Per dissipare completamente qualunque dubbio ci fosse rimasto, Honda ha pensato bene di portare un manipolo di fortunati giornalisti in Gran Bretagna, fra Galles ed Inghilterra, per vivere un’esperienza che più completa non si può in sella alla nuova Africona, per capirne meglio tutte le sfaccettature e comprendere appieno i motivi di tante scelte compiute dalla Casa madre, che potrebbero lasciare forse un po’ perplessi in una breve presa di contatto ma che in un’esperienza tanto lunga dimostrano inconfutabilmente la loro sensatezza.

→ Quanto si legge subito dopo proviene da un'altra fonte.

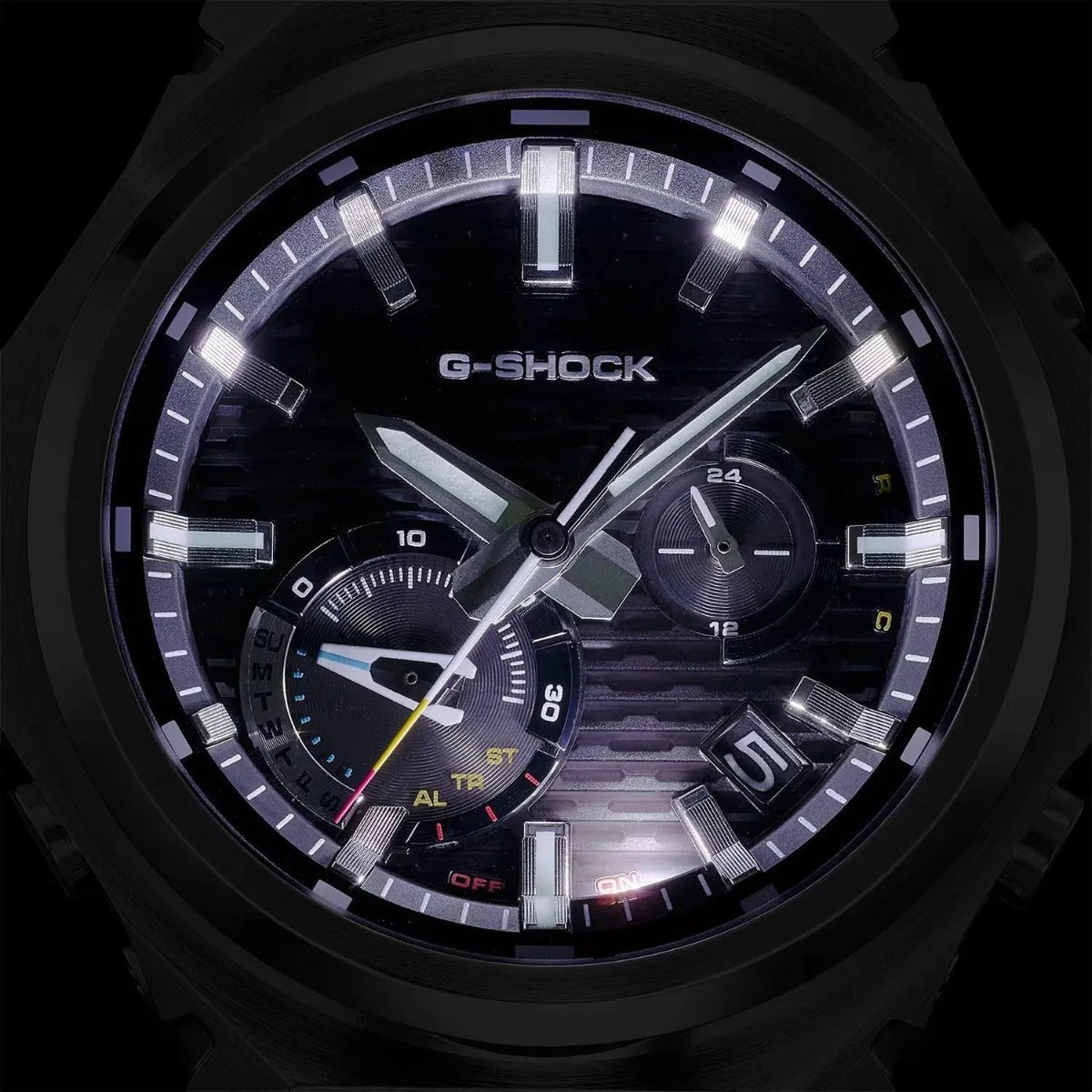 Casio G-Shock Gwylio Dynion â Deial Gwyrdd a Strap Arian GST-B1000D-3AER
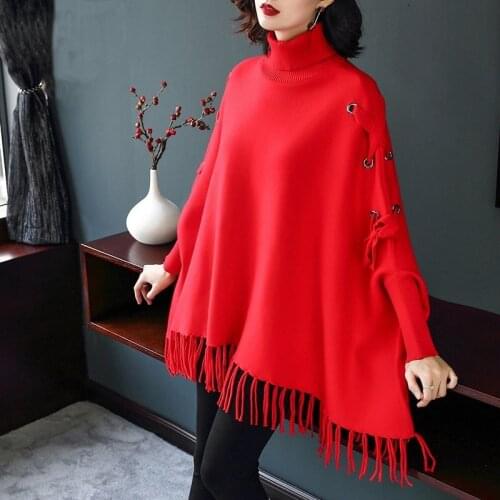 Fall Winter Fashion Women Female Turtleneck Black Red Tassel Batwing Sleeve Knit Sweater , Knitted Pullover Sweaters for Woman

Della CRF1000L ve ne abbiamo parlato fino alla nausea in occasione della presentazione stampa in Sud Africa e della nostra comparativa fra maxienduro con anteriore da 21 pollici (e abbiamo anche ripercorso la storia delle versioni dell’Africa Twin con la nostra retrospettiva), dunque non vi racconteremo ancora una volta della tecnica della maxienduro Honda, preferendo concentrarci sul comportamento che ha messo in mostra in tutta una teoria di situazioni estremamente diverse che abbiamo vissuto durante i nostri tre giorni a spasso fra boschi e strade del Regno Unito.
Dove siamo andati?
Non abbiamo parlato a caso di boschi e strade, perché il programma pensato da Honda ha previsto un bell’excursus in fuoristrada presso il Dave Thorpe Offroad Centre a Merthyr Tydfil, Galles, dove abbiamo imparato a conoscere (e guidare) l’Africa Twin in fuoristrada, scoprendo le differenze fra la versione a cambio manuale e quella dotata di DCT sotto la guida attenta del tre volte iridato del cross anni 80 e 90, assieme ad un ospite d’onore d’eccezione.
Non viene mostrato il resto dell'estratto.